Your task »
Copy the data exactly; pictures stay out of the copy.

*** Data shown ***

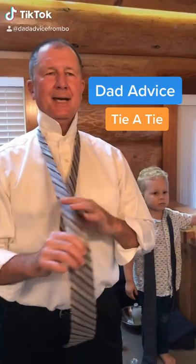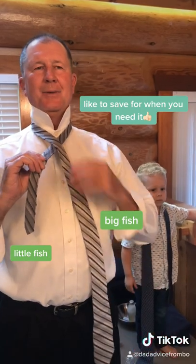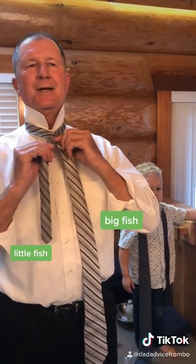I'm going to show you how I tie a tie today. First thing you do is make an X. We're going to call the long end the big fish. Short end is the little fish.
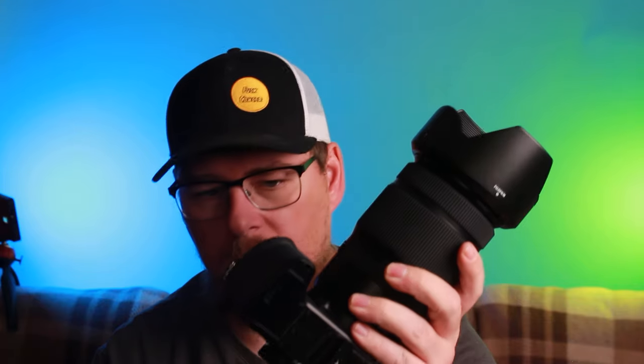Hi folks and welcome to another video. This is probably attempt number 562 of trying to make this because of phone calls and other interruptions. What I want to talk to you today is probably obvious from the video title — I want to talk about the GFX 50S II, from the perspective of being a GFX 100S owner. It's quite an interesting proposition.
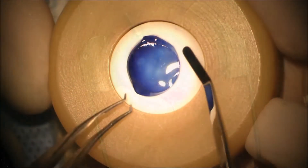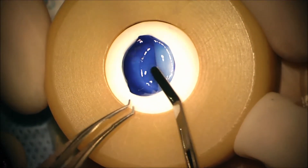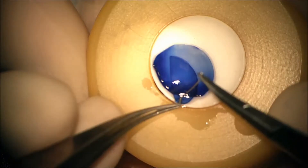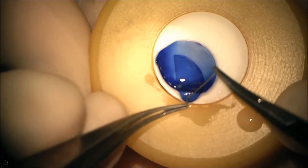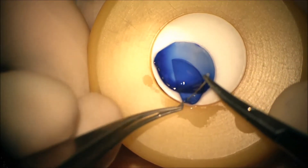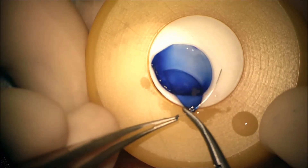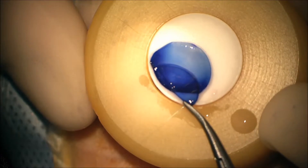Here we make a main wound temporally and extend it. Here's folding the DSEK graft — what we do is using a CTC6 10-O prolene needle, we pass suture partial thickness through the end of the graft as shown.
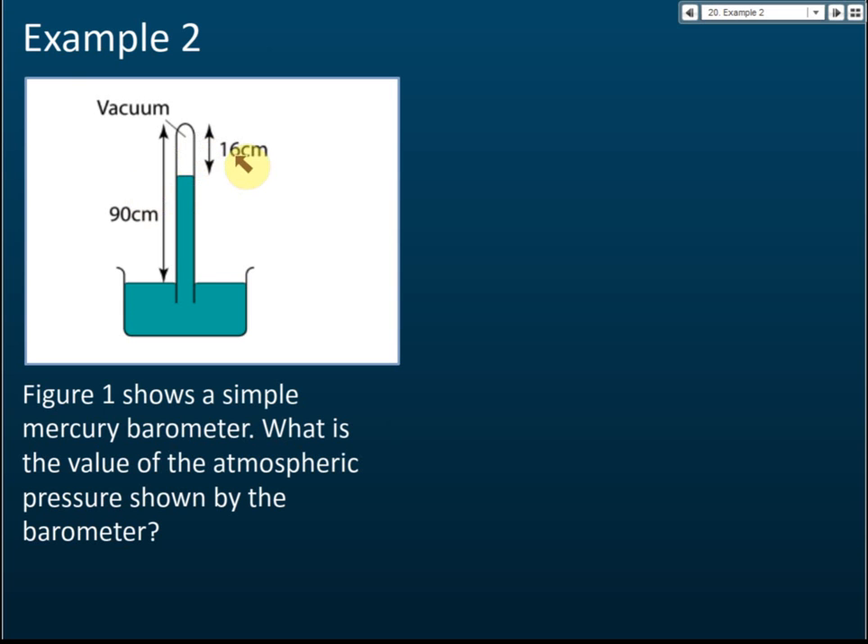Figure one shows a simple mercury barometer with vacuum at the top, 16 cm of space, and a total tube length of 90 cm. The atmospheric pressure shown is 90 minus 16 equals 74 cm mercury. The mercury column length is 74 cm, so the atmospheric pressure is 74 cm Hg.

*** End of Data shown ***

Exercise result »
I'm going to show you how I tie a tie today. First thing you do is make an X. We're going to call the long end the big fish. Short end is the little fish.
Hi folks and welcome to another video. This is probably attempt number 562 of trying to make this because of phone calls and other interruptions. What I want to talk to you today is probably obvious from the video title — I want to talk about the GFX 50S II, from the perspective of being a GFX 100S owner. It's quite an interesting proposition.
Here we make a main wound temporally and extend it. Here's folding the DSEK graft — what we do is using a CTC6 10-O prolene needle, we pass suture partial thickness through the end of the graft as shown.
Figure one shows a simple mercury barometer with vacuum at the top, 16 cm of space, and a total tube length of 90 cm. The atmospheric pressure shown is 90 minus 16 equals 74 cm mercury. The mercury column length is 74 cm, so the atmospheric pressure is 74 cm Hg.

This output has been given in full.